Le gaz russe couvre environ un quart de la demande française, le pays est le cinquième consommateur de gaz russe en Europe, et les autorités françaises ne s’étaient jusqu’alors jamais intéressés à la méthode de production du gaz russe, explique Alexeï Kalatchev. Par comparaison, les volumes de gaz américain achetés par les compagnies françaises Engie et EDF semblent peu significatifs, affirme Alexeï Kalatchev.

« Le gaz russe livré par pipeline revient moins cher à l’Union européenne que celui acheté aux Etats-Unis », ajoute Ivan Kapitonov, doyen de la Haute école de management des entreprises de l’Académie russe de l'économie nationale. Ainsi, selon lui, le refus des français d’importer du gaz américain pourrait être moins lié à des considérations écologiques ou politiques qu’à des impératifs économiques.

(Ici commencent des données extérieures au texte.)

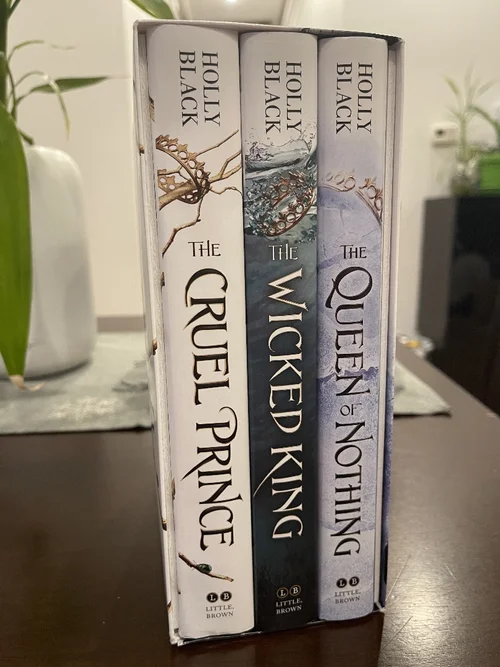 The Folk of the Air Complete Gift Set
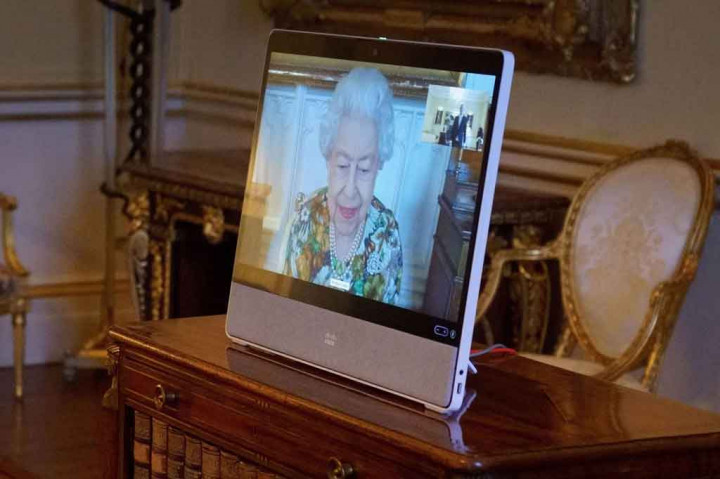 Ratu Elizabeth II muncul di layar melalui tautan video dari Kastil Windsor, selama audiensi virtual untuk menerima Duta Besar Estonia dan Spanyol untuk Inggris, Viljar Lubi, di Istana Buckingham, London pada Selasa, 15 Februari 2022.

Quoi qu’il en soit, en cas d’interdiction d’importer du gaz de schiste, Gazprom perdra un concurrent important en Europe, ajoute M. Kapitonov.

En avril 2016, la compagnie américaine Cheniere Energy a livré le premier chargement de gaz américain sur le continent européen, au Portugal. De plus, les compagnies américaines sont prêtes à construire des terminaux flottants de réception et de stockage de gaz naturel liquéfié près des côtes grecques et croates. Les consommateurs de ce gaz seraient les pays des Balkans et d’Europe de l’Est, consommateurs traditionnels de gaz russe.

Cependant, les volumes attendus d’importations de gaz américain sont nettement inférieurs aux prévisions concernant le combustible russe. Selon les accords signés avec les compagnies françaises, le volume des importations de gaz américain doit s’élever au moins à 770 000 tonnes, soit environ 1 milliard de mètres cubes par an.

À titre de comparaison, Gazprom a exporté en France 9,7 milliards de mètres cube de gaz en 2015, affirme Boris Gorodilov, directeur du département d’analyses de Conomy.